筑波大学人間学群では,サービス・ラーニングの理念と方法を取り入れた新たな大学教育のあり方を模索しています。一般に馴染みの薄いサービス・ラーニングですが,サービス・ラーニングの発祥地・アメリカ合衆国では大学教育改革の方策の一つとして多くの大学に積極的に導入されています。それでは,サービス・ラーニングを大学教育に導入することで,大学はどのように変わり,学生にはどのような学びが生じるのでしょうか。人間学群のささやかな取り組みをご覧ください。

大学で学ぶこととサービス・ラーニング ―人間学群の取り組み―

大学で学ぶことにはどのような意味があるでしょうか。また,どのような方法があるでしょうか。様々な意味や方法があると思います。サービス・ラーニングは,様々な意味や方法のうちの一つです。

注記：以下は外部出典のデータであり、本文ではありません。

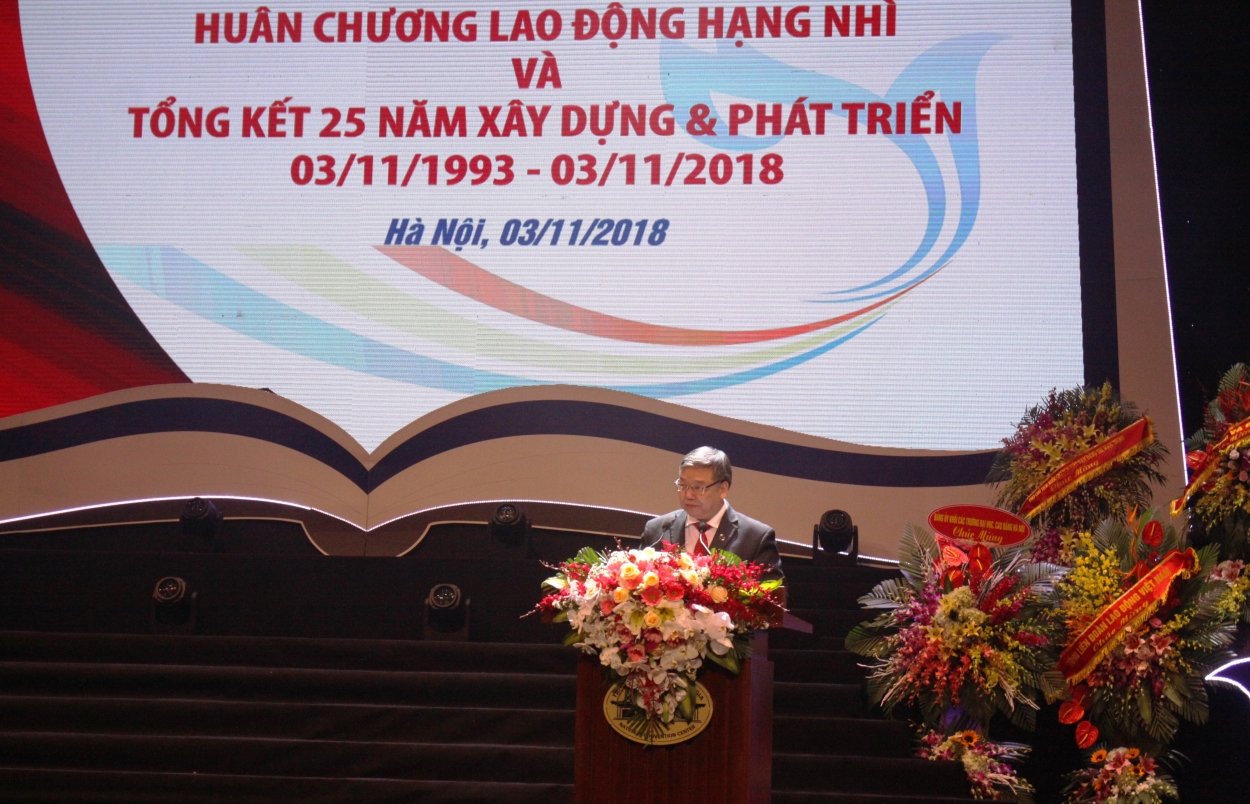 Tiễn sĩ Trương Tiến Tùng, Viện trưởng Viện Đại học Mở Hà Nội phát biểu tại chương trình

現実の社会には,解決が必要な問題や達成が求められる課題が山積しています。大学で学ぶことをその解決や達成に役立てたい。そのように考える先にサービス・ラーニングがあります。

では,何が問題や課題なのでしょうか。それを知るためには,現実の社会に出てみるのが一番です。事の起こっている「現場」を体験してみることです。きっと,問題や課題が見つかるに違いありません。そこで見つかった問題や課題の先にサービス・ラーニングがあります。

現実の社会では,様々な人々が,問題に立ち向かい,課題に挑戦しています。解決や達成の道が,そのような人々の営みのなかにあるかもしれません。きっと,あるに違いありません。現実の問題解決・課題達成の方法を知ることの先にサービス・ラーニングがあります。

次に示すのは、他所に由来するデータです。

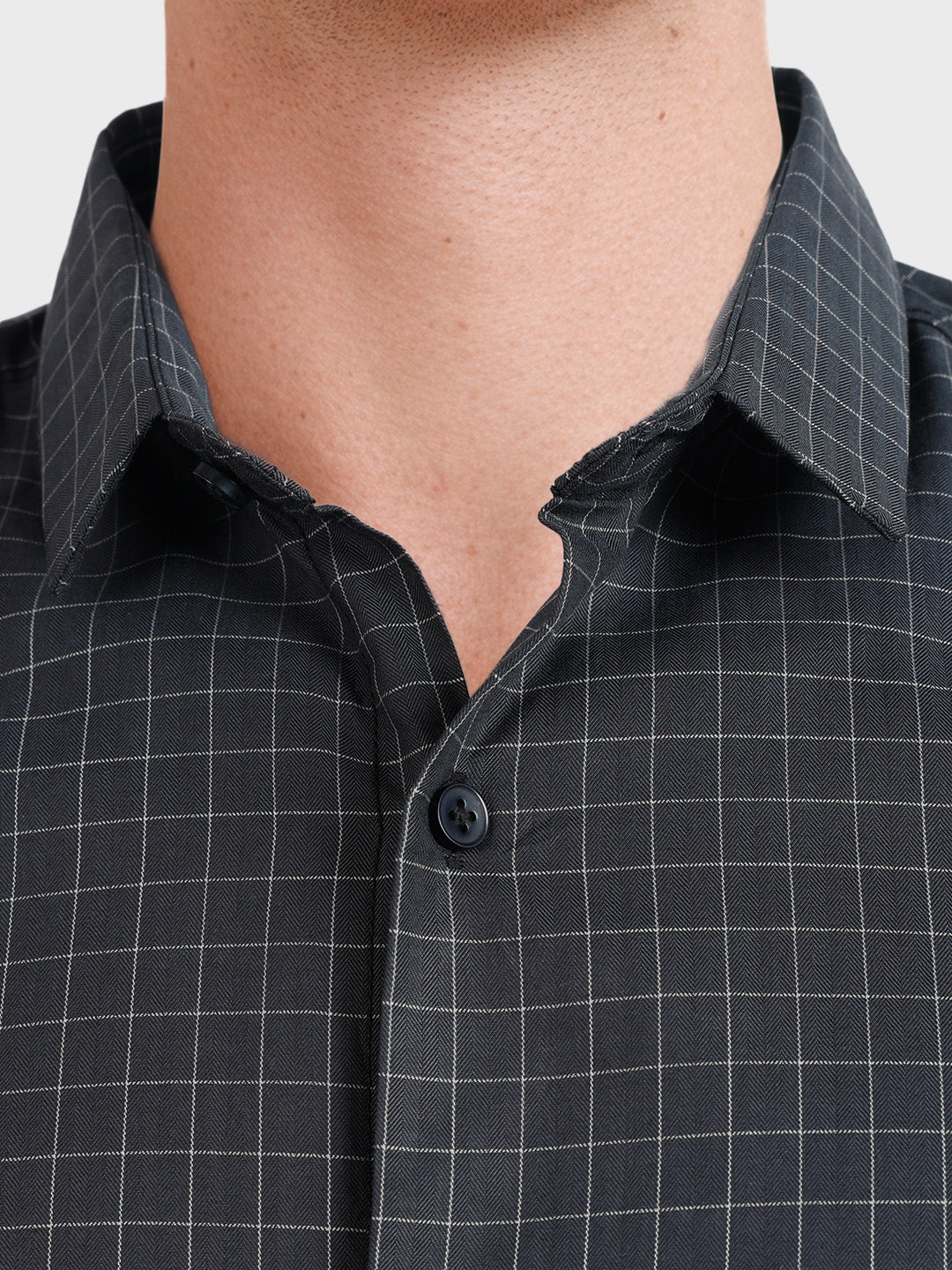 Men's Black Slim Fit Checked Casual Shirt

大学は,専門の学問を学ぶ場です。専門の学問といえども,現実の社会から切り離されているわけではありません。学問として追求すべき問題や課題は,どこかで社会が解決・達成すべき問題・課題とつながっているに違いありません。そのつながりを考える先にサービス・ラーニングがあります。

筑波大学の人間学群は,「教育学」「心理学」「障害科学」の3つの専門からなっています。これらの専門は,人々がよりよく生きるための学問であろうとしています。人々のよりよい生活・人生の実現を目指すヒューマン・サービスのなかに生きています。現実の社会で展開するヒューマン・サービスの活動と専門の学問の学習とを結びつけることのなかに,人間学群におけるサービス・ラーニングがあります。

人間学群では,平成19年度から「大学におけるサービス・ラーニング・プログラムの開発-新しい社会貢献型専門教育の構築をめざして-」というプロジェクトを始めました。全学の「教育プロジェクト」の支援を受けての取組みです。人間学群では,体験のなかで専門を深め,ヒューマン・サービスの担い手として社会に貢献できる人材を育成することを教育のコアに据えています。プロジェクトは,人間学群のコアの実現を目指しています。

このホームページでは,プロジェクトの取組みとその成果を報告します。サービス・ラーニングについての情報も発信していきます。

大学で学ぶことと実社会で経験することのかかわり合いを,私たちとともに,考えて見ませんか。